» Given records
● ● ● ● ●

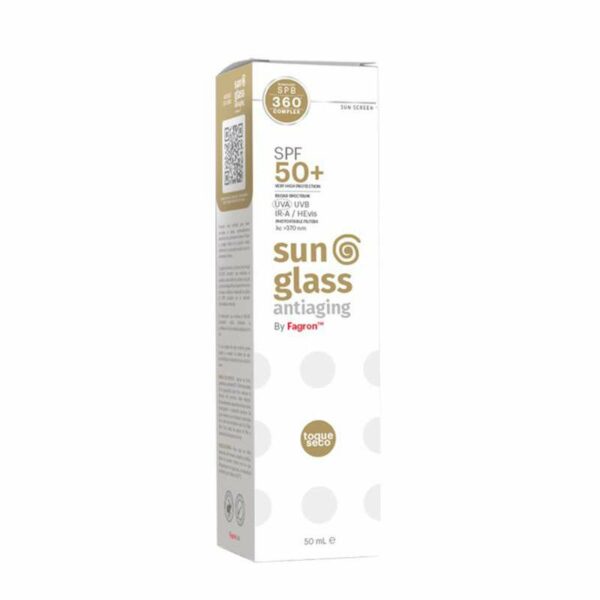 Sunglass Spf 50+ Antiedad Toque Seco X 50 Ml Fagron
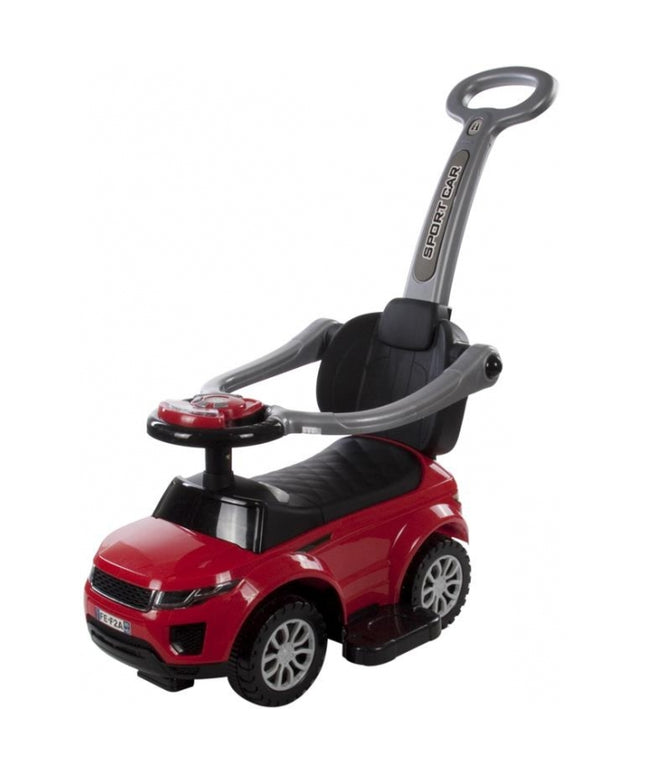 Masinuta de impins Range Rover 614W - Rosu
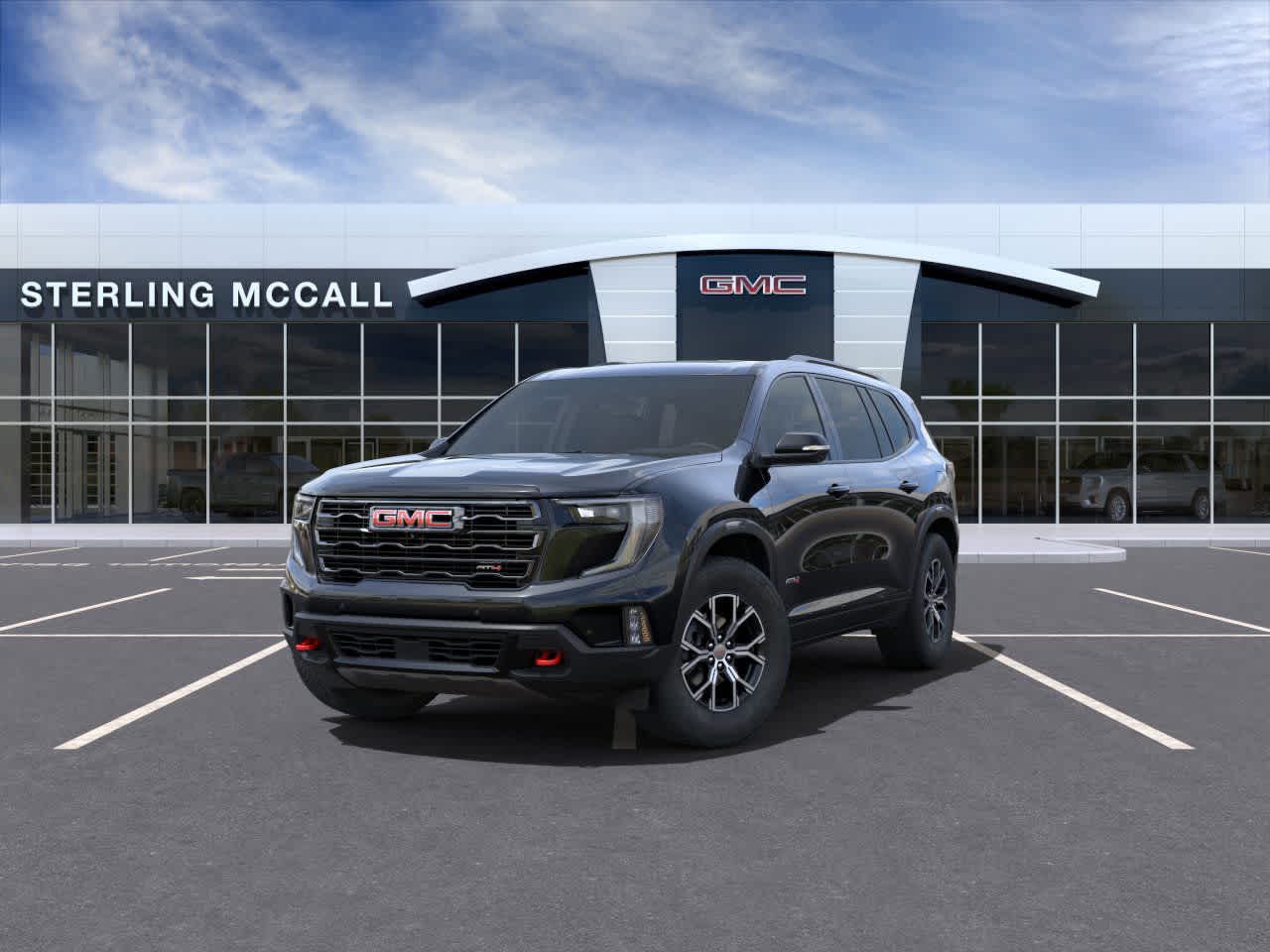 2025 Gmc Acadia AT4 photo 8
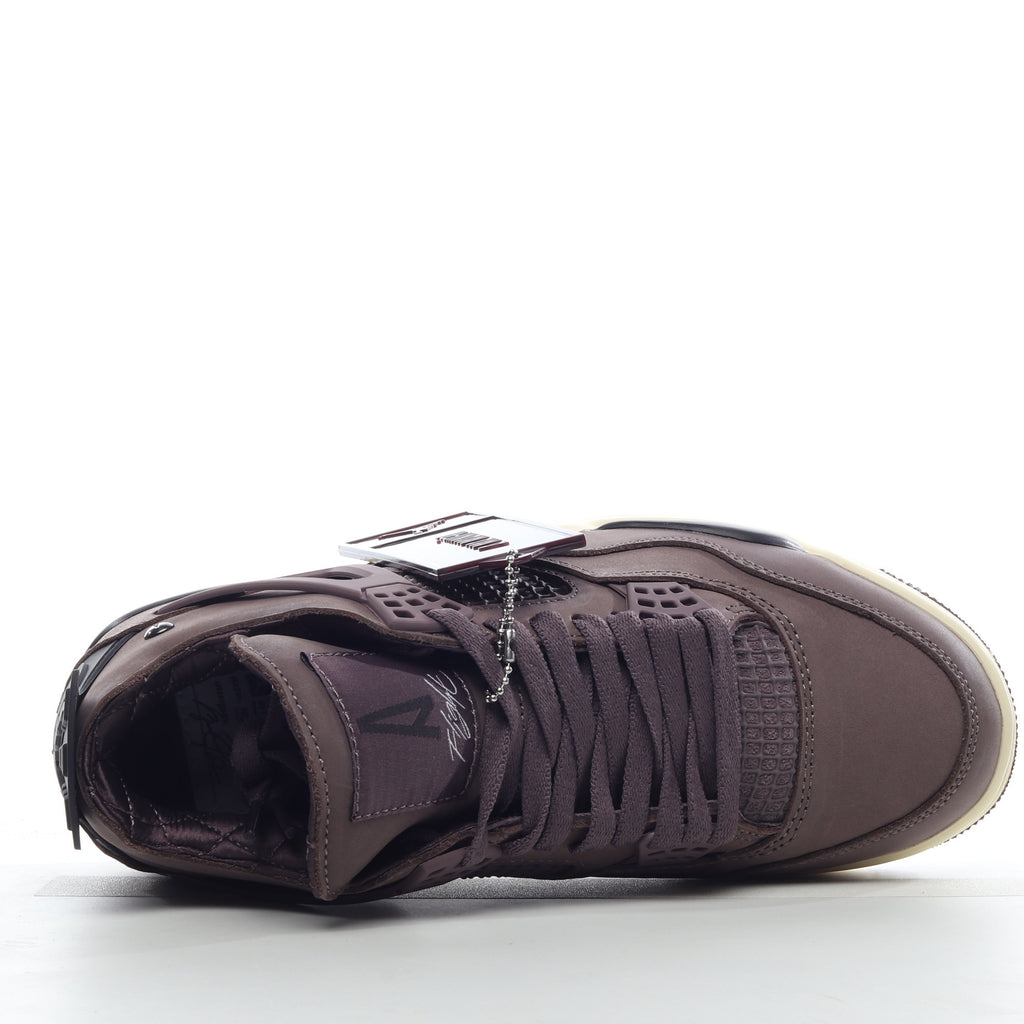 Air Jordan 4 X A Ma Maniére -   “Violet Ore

● ● ● ● ●

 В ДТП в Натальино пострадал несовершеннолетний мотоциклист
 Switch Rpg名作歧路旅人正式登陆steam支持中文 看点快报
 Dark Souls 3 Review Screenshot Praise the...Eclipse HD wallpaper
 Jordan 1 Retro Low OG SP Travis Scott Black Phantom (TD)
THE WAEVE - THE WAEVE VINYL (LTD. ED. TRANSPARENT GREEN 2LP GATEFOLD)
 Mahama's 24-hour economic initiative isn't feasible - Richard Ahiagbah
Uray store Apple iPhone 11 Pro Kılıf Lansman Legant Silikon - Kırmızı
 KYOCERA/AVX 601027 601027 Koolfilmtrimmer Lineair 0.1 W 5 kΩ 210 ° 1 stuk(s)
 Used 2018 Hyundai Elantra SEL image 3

● ● ● ● ●

» Your assignment
Transcribe each line of the data above, unaltered, from the one where "THE WAEVE - THE" appears to the one where "Used 2018 Hyundai Elantra SEL image 3" appears, inclusive of both.

» Response
THE WAEVE - THE WAEVE VINYL (LTD. ED. TRANSPARENT GREEN 2LP GATEFOLD)
 Mahama's 24-hour economic initiative isn't feasible - Richard Ahiagbah
Uray store Apple iPhone 11 Pro Kılıf Lansman Legant Silikon - Kırmızı
 KYOCERA/AVX 601027 601027 Koolfilmtrimmer Lineair 0.1 W 5 kΩ 210 ° 1 stuk(s)
 Used 2018 Hyundai Elantra SEL image 3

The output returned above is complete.